From the line that contains "Close Up Photo" to the final line below, both included, print each line exactly and skip the pictures.

▸ Source data

·····

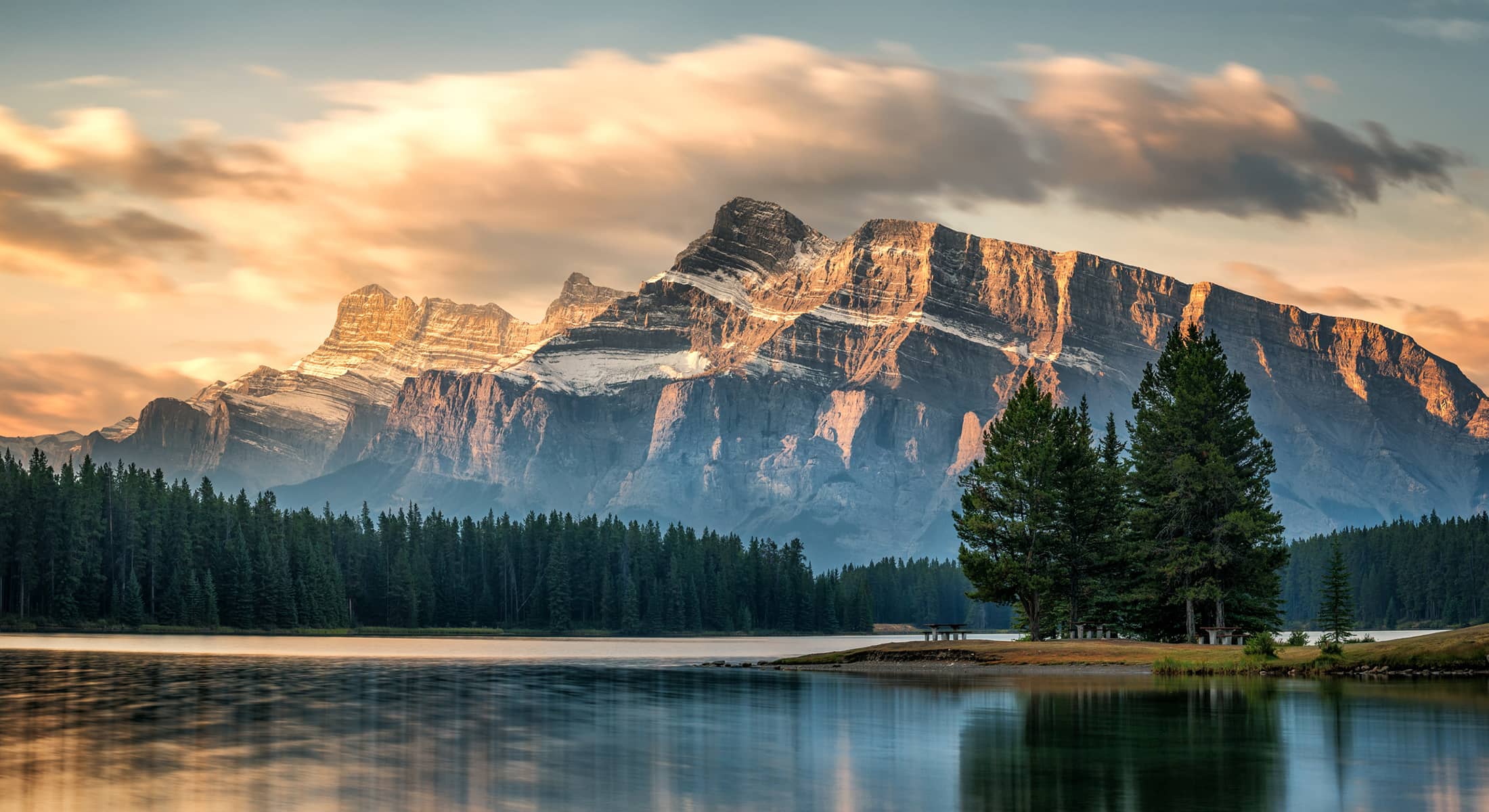 Rundle Mountain reflected in the calm waters of Cascade Ponds, surrounded by evergreens and dawn alpine sky.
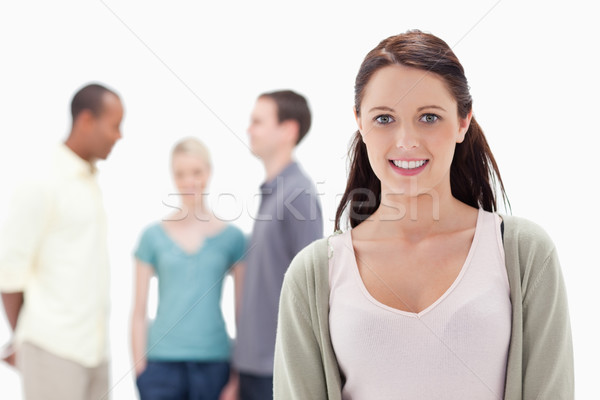 Close-up of a woman smiling with friends chatting in background Stock photo © wavebreak_media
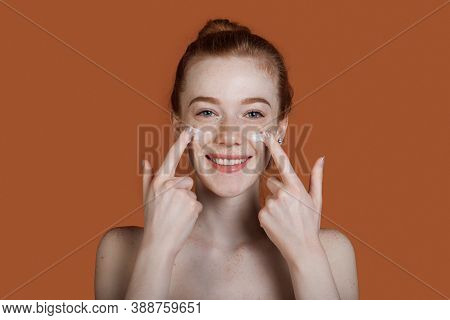 Close Up Photo Of A Ginger Lady With Freckles Appying Cream On Her Face Posing With Undressed Should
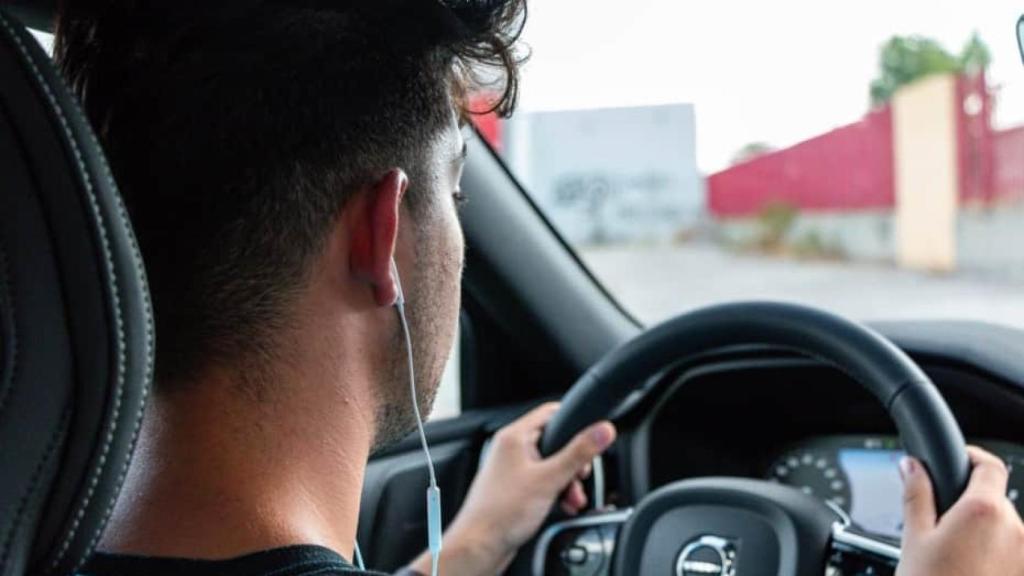 Un conductor con auriculares mientras conduce.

·····

▸ Answer for the task
 Close Up Photo Of A Ginger Lady With Freckles Appying Cream On Her Face Posing With Undressed Should
 Un conductor con auriculares mientras conduce.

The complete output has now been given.